Je me ratatinai tout au-dessous de l'appui de fenêtre, et allumai la mèche. Puis j'attendis une minute ou deux. Il régnait un silence de mort – troublé par le seul frottement de lourdes semelles dans le couloir, et le paisible caquètement des poules au-dehors. Je recommandai mon âme à son créateur, et me demandai si dans cinq secondes…

Une onde de feu énorme sembla jaillir du plancher et m'enveloppa un instant d'une atmosphère de fournaise. Puis le mur en face de moi s'éclaira de jaune d'or et s'écroula dans un fracas de tonnerre qui me mit la cervelle en bouillie. Quelque chose tomba sur moi, m'attrapant le coin de l'épaule gauche.

Et je crois bien qu'alors je perdis connaissance.

Ma syncope dura tout au plus quelques secondes. Je me sentis asphyxié par d'épaisses vapeurs jaunâtres, et, me dégageant des décombres, je me remis débout. Quelque part derrière moi je perçus l'air libre. Le cadre de la fenêtre était tombé, et par la brèche irrégulière la fumée se déversait au soleil de midi. J'enjambai le linteau brisé et me trouvai dans une cour, emplie d'un brouillard dense et acre. Je me sentais fort mal en point, et prêt à défaillir, mais je pouvais encore me mouvoir, et je m'éloignai de la maison à l'aveuglette et en titubant.

Un petit ru de moulin coulait dans un chenal de bois, de l'autre côté de la cour: je tombai dedans. L'eau fraîche me ranima, et je retrouvai assez mes esprits pour songer à m'enfuir. Je remontai le ru en pataugeant parmi son visqueux enduit verdâtre, et parvins à la roue du moulin. Arrivé là, je m'insinuai par le pertuis de l'arbre de couche dans le vieux moulin où je m'abattis sur un matelas de balle d'avoine. Un clou m'accrocha, le fond de la culotte, et je laissai derrière moi un lambeau de «mélange bruyère».

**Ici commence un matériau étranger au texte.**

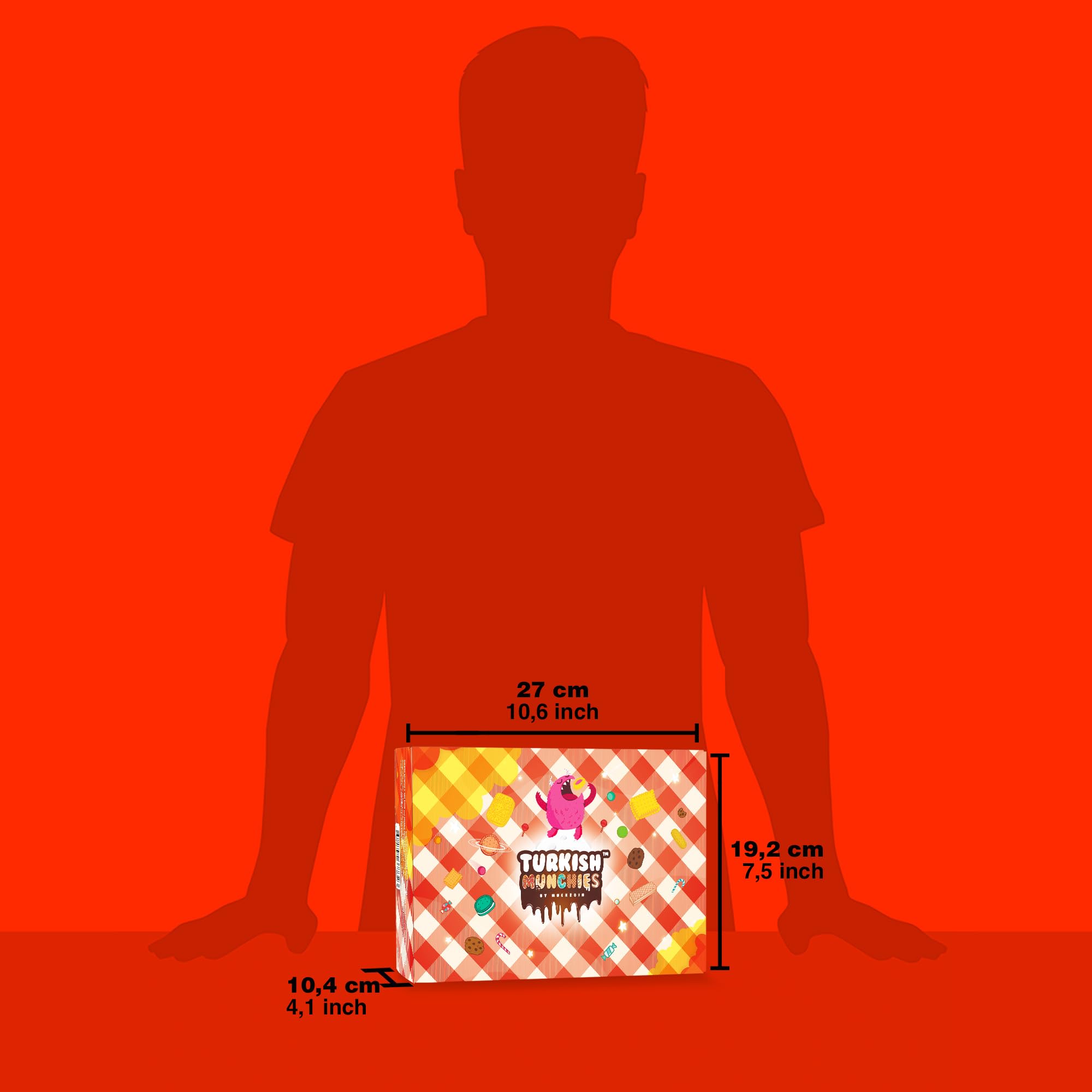 Premium International Snack Box - 32 Full-Size Exotic Snacks from Turkey & Worldwide | Unique Gourmet Candy Gift Set for Foodies | Perfect for Office Snacking, Birthday Gifts & Cultural Food Exploration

Le moulin ne servait plus depuis longtemps. Les échelles tombaient de vétusté et les rats avaient rongé de grands trous dans le plancher du grenier. Un malaise me prit, un vertige tourbillonna sous mon crâne, tandis que mon bras et mon épaule gauches semblaient frappés de paralysie. Je regardai par la fenêtre, et vis la maison encore surmontée d'un brouillard, et de la fumée s'échappant d'une fenêtre de l'étage. J'avais, Dieu me pardonne, mis le feu à l'immeuble, et de derrière celui-ci me parvenaient des cris confus.

Mais je ne pouvais m'attarder, car le moulin était évidemment une mauvaise cachette. Pour peu que l'on me cherchât, on suivrait naturellement le ru, et je ne doutais pas que la recherche dût commencer dès qu'ils verraient que mon cadavre n'était pas dans le magasin. D'une seconde fenêtre, je vis que de l'autre côté du moulin se dressait un vieux colombier de pierre. Si je pouvais y arriver sans laisser de traces, j'y trouverais peut-être un refuge, car je me disais que mes ennemis, s'ils me croyaient en état de me mouvoir, s'imagineraient que j'avais gagné le large, et me chercheraient sur la lande.